I think FATE is right but needed to differentiate between the optimistic neoliberalism of 'new' centre left parties such as New Labour, and the cynical neoliberalism of traditional right-wing parties like the Tories and the German Christian Democrats. While Blairites are naive and conceited enough to believe that enlightened managers can bring about a free market that benefits everyone, the traditional right knows that capitalism is inherently inegalitarian and exploitative and is there to be manipulated to the benefit of the few.

Dave Timoney

@Matt Moore, I wasn't commenting on the efficacy of markets, or their relative benefits compared to any other resource-allocation mechanism, but on the ideological importance of the efficient markets hypothesis to neoliberalism. It's not a strawman because I didn't invent the EMH.
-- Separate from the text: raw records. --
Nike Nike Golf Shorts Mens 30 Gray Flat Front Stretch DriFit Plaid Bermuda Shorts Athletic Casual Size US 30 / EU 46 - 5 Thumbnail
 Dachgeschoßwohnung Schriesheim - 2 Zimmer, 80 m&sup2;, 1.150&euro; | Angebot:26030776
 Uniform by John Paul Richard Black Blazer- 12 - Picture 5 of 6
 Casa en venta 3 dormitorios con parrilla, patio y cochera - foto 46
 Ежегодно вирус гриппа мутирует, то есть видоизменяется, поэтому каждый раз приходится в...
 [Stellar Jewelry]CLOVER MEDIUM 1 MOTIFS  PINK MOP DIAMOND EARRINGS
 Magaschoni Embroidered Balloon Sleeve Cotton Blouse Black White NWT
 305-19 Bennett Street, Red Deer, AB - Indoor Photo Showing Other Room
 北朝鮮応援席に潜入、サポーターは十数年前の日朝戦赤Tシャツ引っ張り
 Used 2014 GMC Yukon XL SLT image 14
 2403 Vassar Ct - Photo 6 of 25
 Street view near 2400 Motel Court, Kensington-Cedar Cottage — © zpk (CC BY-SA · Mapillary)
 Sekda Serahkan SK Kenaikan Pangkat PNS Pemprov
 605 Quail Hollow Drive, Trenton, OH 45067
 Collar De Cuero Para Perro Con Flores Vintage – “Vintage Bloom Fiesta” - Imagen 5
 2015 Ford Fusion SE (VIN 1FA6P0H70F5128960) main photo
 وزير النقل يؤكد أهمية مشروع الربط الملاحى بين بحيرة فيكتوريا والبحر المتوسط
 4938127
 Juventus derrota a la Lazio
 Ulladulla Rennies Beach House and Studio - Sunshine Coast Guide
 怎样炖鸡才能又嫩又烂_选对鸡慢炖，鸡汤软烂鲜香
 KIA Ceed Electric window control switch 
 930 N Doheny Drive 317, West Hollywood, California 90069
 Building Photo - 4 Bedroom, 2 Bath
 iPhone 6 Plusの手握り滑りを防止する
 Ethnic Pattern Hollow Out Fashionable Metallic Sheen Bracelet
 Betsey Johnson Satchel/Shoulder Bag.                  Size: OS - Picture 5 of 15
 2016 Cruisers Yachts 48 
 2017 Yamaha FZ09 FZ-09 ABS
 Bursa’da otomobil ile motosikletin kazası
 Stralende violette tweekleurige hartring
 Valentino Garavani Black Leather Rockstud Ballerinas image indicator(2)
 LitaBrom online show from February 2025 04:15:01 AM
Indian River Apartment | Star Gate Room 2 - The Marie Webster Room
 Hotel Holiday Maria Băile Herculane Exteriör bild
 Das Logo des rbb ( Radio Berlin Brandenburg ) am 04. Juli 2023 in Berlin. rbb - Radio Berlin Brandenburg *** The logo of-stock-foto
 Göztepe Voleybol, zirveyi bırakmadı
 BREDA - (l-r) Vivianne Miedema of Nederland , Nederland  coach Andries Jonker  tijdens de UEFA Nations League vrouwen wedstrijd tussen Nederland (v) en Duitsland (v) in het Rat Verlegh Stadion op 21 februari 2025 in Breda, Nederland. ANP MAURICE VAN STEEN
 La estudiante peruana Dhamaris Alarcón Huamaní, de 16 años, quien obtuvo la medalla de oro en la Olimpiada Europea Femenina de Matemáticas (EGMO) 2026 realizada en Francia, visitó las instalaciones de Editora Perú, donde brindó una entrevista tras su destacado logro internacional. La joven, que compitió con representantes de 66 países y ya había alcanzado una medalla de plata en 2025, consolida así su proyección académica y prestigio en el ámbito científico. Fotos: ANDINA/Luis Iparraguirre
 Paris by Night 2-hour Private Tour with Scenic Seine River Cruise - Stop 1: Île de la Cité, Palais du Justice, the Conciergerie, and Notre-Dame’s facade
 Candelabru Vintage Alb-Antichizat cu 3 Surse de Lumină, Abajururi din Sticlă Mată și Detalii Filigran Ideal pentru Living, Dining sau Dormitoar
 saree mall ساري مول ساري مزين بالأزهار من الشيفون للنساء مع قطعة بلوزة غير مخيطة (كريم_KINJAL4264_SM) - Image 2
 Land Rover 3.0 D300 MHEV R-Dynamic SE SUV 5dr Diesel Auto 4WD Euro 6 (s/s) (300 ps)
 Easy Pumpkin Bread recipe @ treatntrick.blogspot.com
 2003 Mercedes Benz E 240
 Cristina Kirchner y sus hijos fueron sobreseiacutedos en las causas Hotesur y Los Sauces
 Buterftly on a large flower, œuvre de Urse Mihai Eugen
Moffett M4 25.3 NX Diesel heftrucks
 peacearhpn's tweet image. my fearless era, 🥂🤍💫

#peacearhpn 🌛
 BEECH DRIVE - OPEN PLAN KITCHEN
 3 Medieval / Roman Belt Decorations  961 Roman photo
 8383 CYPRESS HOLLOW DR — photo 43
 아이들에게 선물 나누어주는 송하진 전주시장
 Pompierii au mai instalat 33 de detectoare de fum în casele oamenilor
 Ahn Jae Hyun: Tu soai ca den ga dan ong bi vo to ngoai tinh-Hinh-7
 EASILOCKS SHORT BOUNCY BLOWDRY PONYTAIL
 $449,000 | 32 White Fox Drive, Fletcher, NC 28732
@Igor, I like your distinction between optimistic and cynical neoliberalism, which I suspect owes something to Philip Mirowski's "double truth" idea, not least because it casts Blairites as useful idiots, but I suspect the optimists are more cynical than you give them credit for (Blair, Mandelson, Campbell?), while the cynics have probably drunk more of the Kool-Aid than even they realise. That's the trouble with hegemonic ideology: it gets everywhere.

Igor Belanov

I think the cynicism of New Labour in its 'pomp' was the opposite side of its optimism in socio-economic ideology. They regarded democratic institutions (as opposed to abstract notions like 'the people') and political activity as something that could wreck their beautifully laid-out vision. Hence the constant sermons on the necessity for change and the abuse of the 'dinosaurs' that might question it.

I think the 2008 crash also took its toll on Blairite optimism, and the current leadership campaign proves just how generally cynical they are nowadays.

sam g

the question of whether we should be growth optimists or pessimists is one you could only pose to a casual empiricist, so invoking B Russell is not appropriate (and perhaps demonstrates a lack of empirical arguments for growth pessimism)

the question is incoherent, though. it helps to split it into two parts

1) will the developing world with capitalist institutions continue to experience catch-up growth?

hard to see how the answer to this could be no. we understand the growth trajectory this would imply fairly well, through studying the industrialization of advanced economies, as well as the spectacular growth of developing economies in the last thirty years. for catch-up growth it's clear to me that the burden or proof is on pessimists: what alternative theory tells you that this will not continue to apply?

2) will developed countries at the growth frontier continue to experience growth?

this is much more speculative. it is not an economist's job to predict future technological progress, and i think we should be at least theoretically agnostic on the point. however, 2 things to note here. first, we know that capitalism is good at providing institutions and incentives that make technological innovation possible. second, as noted by Piketty, even a growth rate of 1% is revolutionary. and even developed countries net above that on average.